As we wait for a more complete review of the project, here are my thoughts from my first listen:
1. Change of album cover art
Although we might not know the basis behind it, we see that the album cover was changed from the colorful appraisal of Lagos State to a photo of Wizkid in a simple yet stylish outfit. This writer thinks the reason for the change is due to the recent happenings in Lagos. To romanticise the State after the loss at Lekki Toll Gate might not have been the best move. The album cover brought sexy back— love to see it.
2. The era of judging albums by singles is gone
With the fans Wizkid has had from his “Superstar” days to date, Wizkid has had a support system that guaranteed that nearly every song is a hit. Thanks to the FC, nearly every Wizkid single/feature on Apple Music has a star behind it.

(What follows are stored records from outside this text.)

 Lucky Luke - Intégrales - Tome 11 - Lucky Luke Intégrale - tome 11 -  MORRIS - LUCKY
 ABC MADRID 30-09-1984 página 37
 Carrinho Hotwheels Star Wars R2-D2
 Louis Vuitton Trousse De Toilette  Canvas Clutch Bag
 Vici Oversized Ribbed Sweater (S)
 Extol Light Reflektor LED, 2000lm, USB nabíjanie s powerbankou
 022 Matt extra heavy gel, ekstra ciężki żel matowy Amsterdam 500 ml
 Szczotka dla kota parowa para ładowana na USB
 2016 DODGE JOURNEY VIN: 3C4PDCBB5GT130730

Just like “Wonderful” did to Burna Boy’s Twice as Tall, it was somewhat hard to know the theme/direction Wizkid was going with his album. The only thing we could decipher was that Wizkid had pivoted already.
Made in Lagos makes the impressive Sounds From The Other Side seem like the beta version of a carefully designed application. This time, the album feels at peace with the saxophones, bass drums and the guitar riffs that line it. The project has bits and pieces of Wizkid’s influences merged with near insane cohesion. It feels like picking every afrobeats sub-genre and merging everything into one piece making sure they do not go out of sound and out of plan.

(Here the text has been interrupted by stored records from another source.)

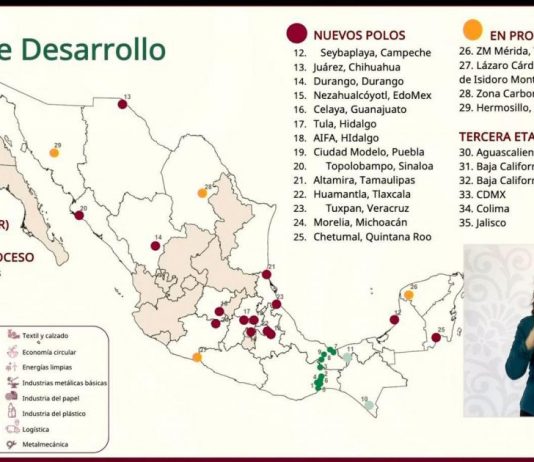 Morelia, nuevo Polo de Desarrollo Económico: Gobierno Federal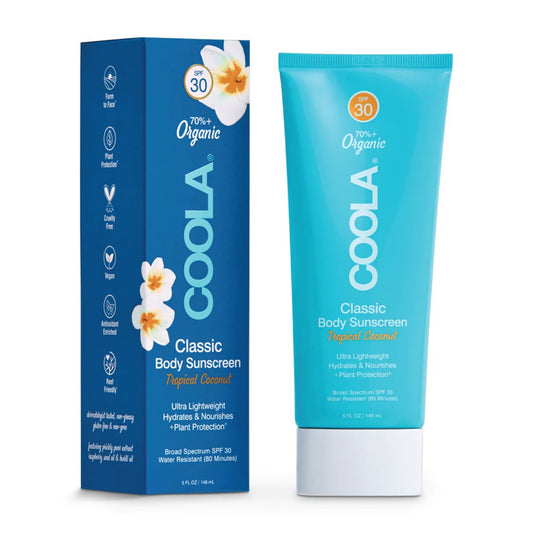 Sunscreen COOLA® Classic Body SPF 30 Lotion 5 oz. Tube CL10010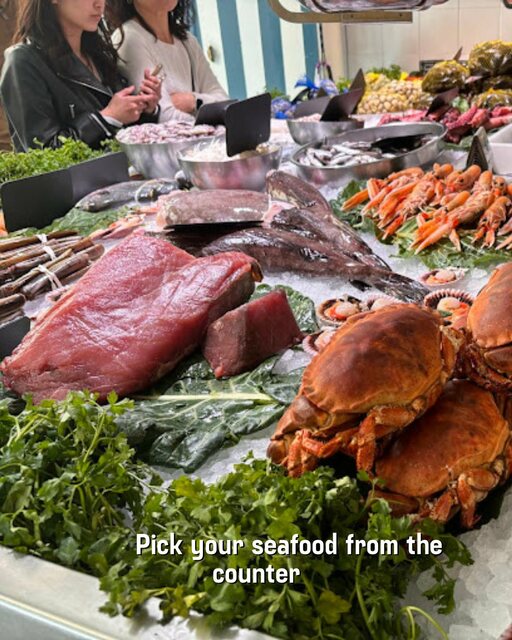 cocina tradicional con sabor a mar Picture Box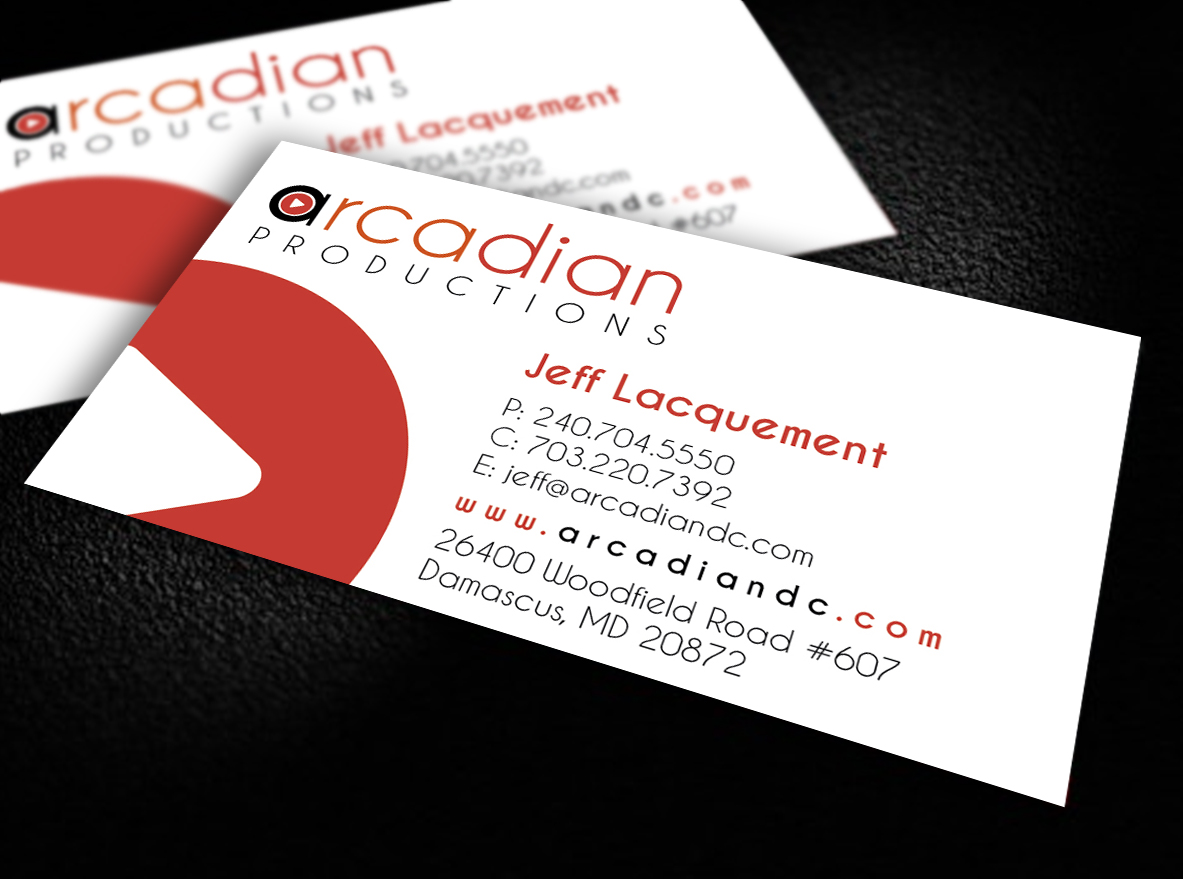 Business Card Design by shyamalart for this project | Design #12920017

This writer feels Wizkid understood the criticisms that came with the producer fuelled project— Soundman Vol. 1 and took lessons from listeners outside his niche fan base to properly organise the album.
Songs like “Reckless”, “True Love”, “Essence”, and “Smile”, show that Wizkid understands he has grown and there’s increased pressure to make more sonically balanced music. Those songs are exceptional.
3. It might’ve been “made” in Lagos but it doesn’t belong to Lagos.
I think one of the brilliant things Wizkid did with the rollout of the singles from the album was informing listeners, especially in Nigeria that it was— from Lagos to the world, NOT for lagos to the world.
Made in Lagos has something for the UK, Caribbean, and Nigerian markets. Also, songs with H.E.R and Ella Mai shows that Wizkid also wants a bit of the American market which is a ripe and well thought out. If Sounds From The Other Side was created to soften the market, Made in Lagos will be the album that penetrates the market.
4. The lyrics or vibes debate
Change is a constant, musically and in life. As the years go by, we see listener preferences change. In 2019, the Nigerian sound changed and this writer feels this might have crested the need for increased lyrical content in Wizkid’s mind.
We find this lyricism in tracks like “Smile” and “Blessing”. In those tracks, you feel Wizkid has got the writing thing on lock. However, on this project is it’s not all lyrics, Wizkid also brings his vibes. However, for all the merits of Wizkid’s trademark vibes routine, this writer thinks the project could have done with more lyrical songs.
5. Hit music and longevity
Time they say is of the essence and for this reason, some people might not necessarily have time to digest this project properly. A very noticeable thing about recent Wizkid music is that you actually need to consciously marinate yourself in them. The palettes of foreign audiences and new fans will lap up this music more quickly than the guy who just finished chanting “Ojuelegba” last week at the protest grounds. This is largely due to his change in sound— we are all still in the adaptation phases.
As important as hit songs are to Nigerian fans, Made in Lagos does not feel like a project that readily offers you one hit song. Although there are definitely standout tracks, it is a complete thematic experience. You must absorb the project in oneness to really see through Wizkid’s eyes.
This album is a good way to start your evenings. Made in Lagos is the perfect substitute for your mood playlists. It definitely isn’t an album you can casually refer to as “one of those albums”. To get the gist, you must dedicate time to listening to the project as a full body of work rather than in parts. There is something for you in it, of that, I am convinced.